The district had used the same Agricultural Table of Average Uses for decades and had only made minor adjustments to add new crops occasionally. District staff understood that many advances in commercial agricultural water use were being used by the agricultural community and that technological advances in measuring accurately how much water was needed for each crop had accelerated over the last few years. The District requested ERA Economics to analyze and update the Table used for Agricultural use.
Please click here to see their report.
The revised Table of Average Uses now takes into account the appropriate method of irrigation for each crop type. (You no longer report watering method.)

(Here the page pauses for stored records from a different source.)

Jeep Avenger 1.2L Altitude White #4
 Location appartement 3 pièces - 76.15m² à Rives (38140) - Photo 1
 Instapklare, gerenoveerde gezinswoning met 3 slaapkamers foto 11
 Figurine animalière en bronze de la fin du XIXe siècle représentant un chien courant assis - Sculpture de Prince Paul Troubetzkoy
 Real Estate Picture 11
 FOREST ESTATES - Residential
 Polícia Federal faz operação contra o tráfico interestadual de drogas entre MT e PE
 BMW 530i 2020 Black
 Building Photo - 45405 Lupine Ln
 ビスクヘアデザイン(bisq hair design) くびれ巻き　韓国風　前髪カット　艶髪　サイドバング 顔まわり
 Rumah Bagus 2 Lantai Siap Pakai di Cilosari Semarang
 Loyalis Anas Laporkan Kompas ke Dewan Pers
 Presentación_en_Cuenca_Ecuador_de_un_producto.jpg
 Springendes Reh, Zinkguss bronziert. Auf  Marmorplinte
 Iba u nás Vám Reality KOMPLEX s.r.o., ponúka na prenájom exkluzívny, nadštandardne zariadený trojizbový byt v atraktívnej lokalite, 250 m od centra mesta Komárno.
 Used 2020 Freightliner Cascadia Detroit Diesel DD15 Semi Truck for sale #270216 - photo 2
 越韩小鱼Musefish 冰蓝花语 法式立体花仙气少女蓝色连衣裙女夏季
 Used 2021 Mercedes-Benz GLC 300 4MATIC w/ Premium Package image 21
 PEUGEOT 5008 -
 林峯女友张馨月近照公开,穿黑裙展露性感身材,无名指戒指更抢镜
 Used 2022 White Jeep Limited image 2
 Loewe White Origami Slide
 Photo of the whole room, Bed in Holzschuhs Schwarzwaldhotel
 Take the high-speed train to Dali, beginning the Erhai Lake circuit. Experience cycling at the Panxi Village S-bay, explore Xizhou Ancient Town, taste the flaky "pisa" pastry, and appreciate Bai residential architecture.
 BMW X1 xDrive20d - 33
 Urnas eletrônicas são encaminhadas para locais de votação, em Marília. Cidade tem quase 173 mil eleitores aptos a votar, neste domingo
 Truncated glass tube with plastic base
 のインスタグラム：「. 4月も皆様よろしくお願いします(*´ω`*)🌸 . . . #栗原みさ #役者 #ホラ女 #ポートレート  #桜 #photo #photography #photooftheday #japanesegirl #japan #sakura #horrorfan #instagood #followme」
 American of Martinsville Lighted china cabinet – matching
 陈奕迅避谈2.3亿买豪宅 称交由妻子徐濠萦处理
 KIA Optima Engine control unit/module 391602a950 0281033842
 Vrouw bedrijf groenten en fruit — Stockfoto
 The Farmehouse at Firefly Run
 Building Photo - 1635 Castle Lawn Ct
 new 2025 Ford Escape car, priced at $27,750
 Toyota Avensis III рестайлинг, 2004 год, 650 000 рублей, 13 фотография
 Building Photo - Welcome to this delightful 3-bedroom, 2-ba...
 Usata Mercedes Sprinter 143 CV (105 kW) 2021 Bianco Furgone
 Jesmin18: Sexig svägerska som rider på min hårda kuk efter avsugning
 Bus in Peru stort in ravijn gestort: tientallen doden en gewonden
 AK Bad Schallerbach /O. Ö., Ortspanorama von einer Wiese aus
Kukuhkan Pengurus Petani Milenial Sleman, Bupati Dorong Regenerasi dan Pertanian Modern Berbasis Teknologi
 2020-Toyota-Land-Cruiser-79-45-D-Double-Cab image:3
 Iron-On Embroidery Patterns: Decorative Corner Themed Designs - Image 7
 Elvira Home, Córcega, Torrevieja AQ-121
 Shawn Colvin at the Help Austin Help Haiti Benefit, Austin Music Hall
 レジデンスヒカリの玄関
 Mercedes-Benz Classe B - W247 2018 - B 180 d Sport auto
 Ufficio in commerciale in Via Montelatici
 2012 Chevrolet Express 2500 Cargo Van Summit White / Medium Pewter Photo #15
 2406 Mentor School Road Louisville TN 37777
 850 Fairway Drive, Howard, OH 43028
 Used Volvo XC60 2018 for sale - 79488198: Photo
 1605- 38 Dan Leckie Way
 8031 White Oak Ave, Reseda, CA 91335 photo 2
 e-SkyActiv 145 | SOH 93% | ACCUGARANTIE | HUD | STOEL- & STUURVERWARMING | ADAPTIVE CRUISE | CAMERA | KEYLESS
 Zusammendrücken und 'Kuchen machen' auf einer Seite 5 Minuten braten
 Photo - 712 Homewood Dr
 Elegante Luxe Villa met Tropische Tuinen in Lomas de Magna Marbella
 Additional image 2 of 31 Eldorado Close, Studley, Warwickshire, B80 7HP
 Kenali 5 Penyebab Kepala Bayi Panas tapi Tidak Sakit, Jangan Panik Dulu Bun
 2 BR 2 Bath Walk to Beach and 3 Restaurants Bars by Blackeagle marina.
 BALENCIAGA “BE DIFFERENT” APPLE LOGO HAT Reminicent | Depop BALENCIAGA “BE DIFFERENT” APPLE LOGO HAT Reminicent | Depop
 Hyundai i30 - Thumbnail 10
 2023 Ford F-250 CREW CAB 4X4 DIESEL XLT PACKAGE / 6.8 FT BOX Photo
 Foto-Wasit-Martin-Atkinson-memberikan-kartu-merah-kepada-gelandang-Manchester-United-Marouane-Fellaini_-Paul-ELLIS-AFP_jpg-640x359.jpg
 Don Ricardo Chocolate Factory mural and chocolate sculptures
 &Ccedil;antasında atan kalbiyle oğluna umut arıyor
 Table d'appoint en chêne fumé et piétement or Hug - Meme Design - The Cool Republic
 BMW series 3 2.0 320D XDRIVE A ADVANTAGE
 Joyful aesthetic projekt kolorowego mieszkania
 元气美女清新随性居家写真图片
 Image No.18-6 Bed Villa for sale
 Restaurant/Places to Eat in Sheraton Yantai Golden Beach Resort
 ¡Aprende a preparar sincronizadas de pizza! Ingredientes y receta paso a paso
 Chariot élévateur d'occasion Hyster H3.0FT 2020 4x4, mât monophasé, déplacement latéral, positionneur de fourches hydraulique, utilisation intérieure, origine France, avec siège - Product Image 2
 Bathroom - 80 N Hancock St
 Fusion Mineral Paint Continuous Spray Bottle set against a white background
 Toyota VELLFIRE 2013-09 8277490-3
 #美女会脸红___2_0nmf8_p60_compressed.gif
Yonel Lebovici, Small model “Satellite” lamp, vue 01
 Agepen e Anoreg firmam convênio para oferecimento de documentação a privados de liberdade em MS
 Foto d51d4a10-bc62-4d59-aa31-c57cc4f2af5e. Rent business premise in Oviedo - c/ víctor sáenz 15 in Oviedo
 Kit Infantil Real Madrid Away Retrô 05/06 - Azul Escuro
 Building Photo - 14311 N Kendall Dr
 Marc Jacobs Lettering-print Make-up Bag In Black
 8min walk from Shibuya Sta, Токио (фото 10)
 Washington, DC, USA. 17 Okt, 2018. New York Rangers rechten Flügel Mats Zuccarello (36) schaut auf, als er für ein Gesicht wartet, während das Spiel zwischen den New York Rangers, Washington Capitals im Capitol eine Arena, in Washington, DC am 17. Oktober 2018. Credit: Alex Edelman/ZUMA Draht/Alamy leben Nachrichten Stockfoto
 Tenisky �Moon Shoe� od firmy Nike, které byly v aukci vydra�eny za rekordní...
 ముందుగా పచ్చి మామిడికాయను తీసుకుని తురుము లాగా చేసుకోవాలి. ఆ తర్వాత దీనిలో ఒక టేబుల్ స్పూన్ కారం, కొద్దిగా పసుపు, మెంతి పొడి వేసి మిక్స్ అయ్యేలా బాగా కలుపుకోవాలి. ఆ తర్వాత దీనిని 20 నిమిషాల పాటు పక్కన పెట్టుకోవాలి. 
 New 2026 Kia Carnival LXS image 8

The District submitted the proposed updated Table of Average Uses to the Santa Clara County Farm Bureau which reviewed the updates and considers them reasonable. The District’s Agricultural Advisory Committee also reviewed and approved the Table in February 2015. The updated Table of Uses for Agricultural Uses was approved by the Board and adopted Sept. 22, 2015.
The updated table lists new crops and also accurately reflects the irrigation method to the crop being planted
As can be expected, some of the factors increased, while others decreased
The updated table continues to take into account differences in watering during the rainy/dry seasons and variations in wet and dry years
Please click here to see a list of all crop factors and how they changed
2. Why does my bill go up every year when my usage stays the same?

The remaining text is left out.